◆ WHAT THIS TASK INVOLVES ◆
Print all of the data exactly, but drop the pictures.

(RAW DATA begins)

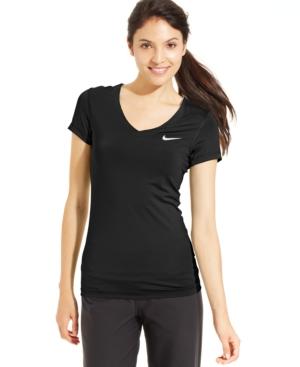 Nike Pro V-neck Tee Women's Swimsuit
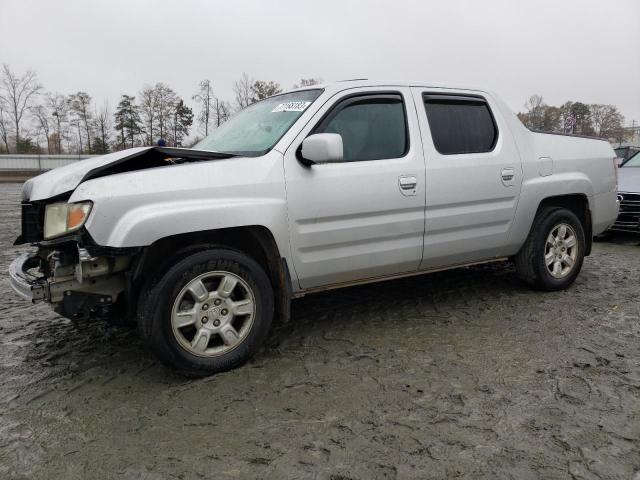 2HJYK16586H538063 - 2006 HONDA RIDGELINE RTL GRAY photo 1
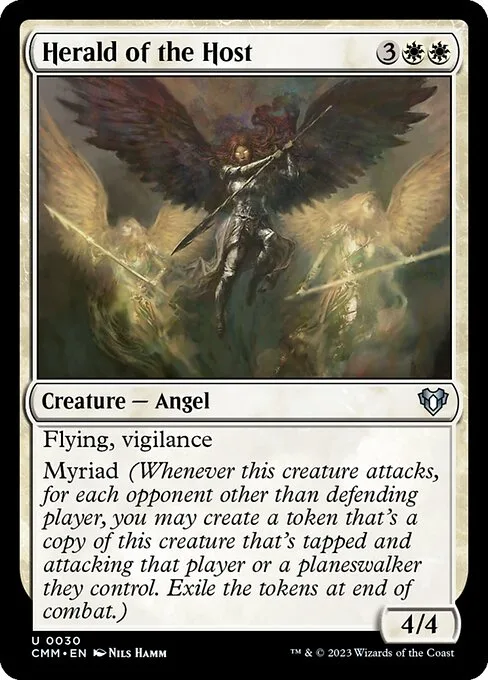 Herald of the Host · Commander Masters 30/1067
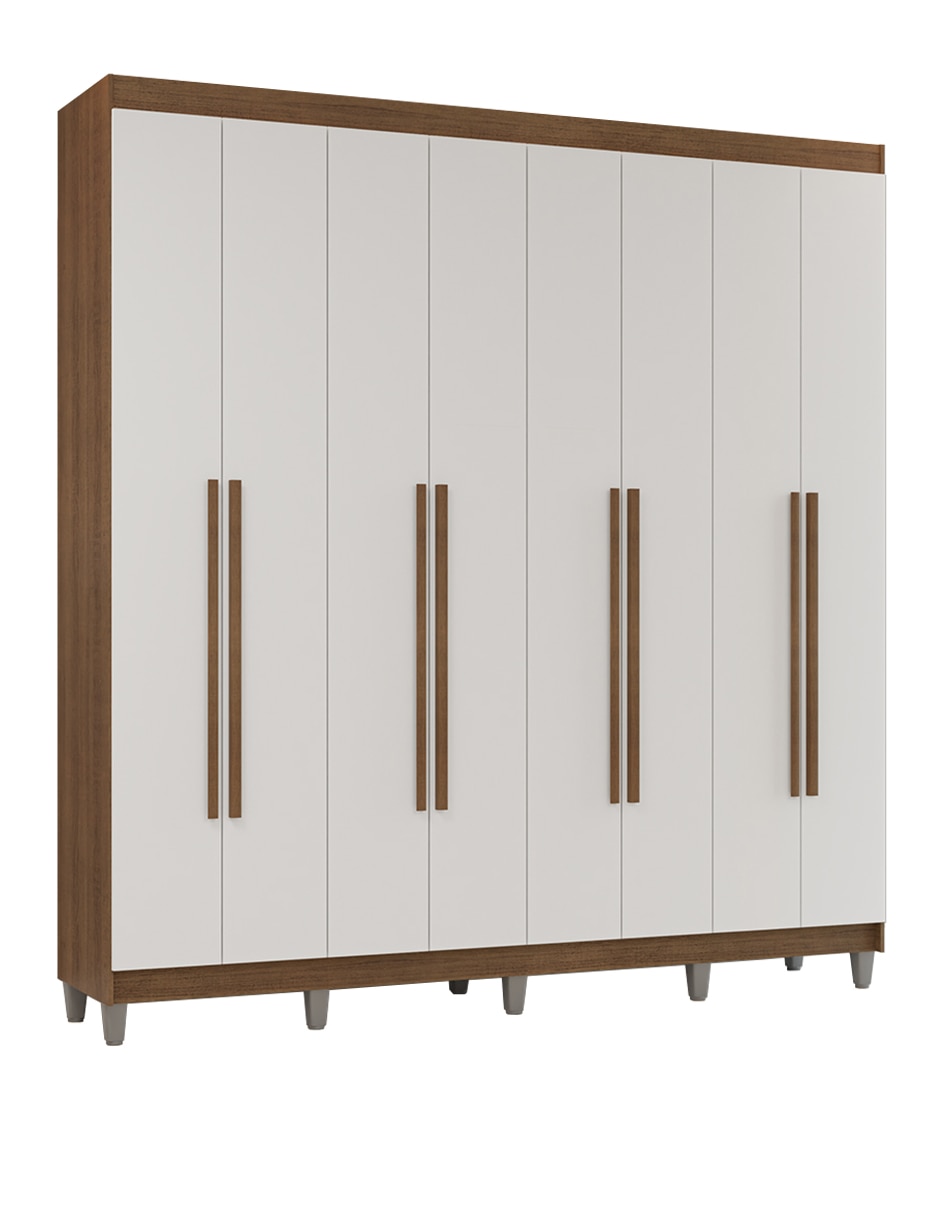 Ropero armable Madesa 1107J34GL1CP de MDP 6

(RAW DATA ends)

◆ SOLUTION TO THE EXERCISE ◆
 Nike Pro V-neck Tee Women's Swimsuit
 2HJYK16586H538063 - 2006 HONDA RIDGELINE RTL GRAY photo 1
 Herald of the Host · Commander Masters 30/1067
 Ropero armable Madesa 1107J34GL1CP de MDP 6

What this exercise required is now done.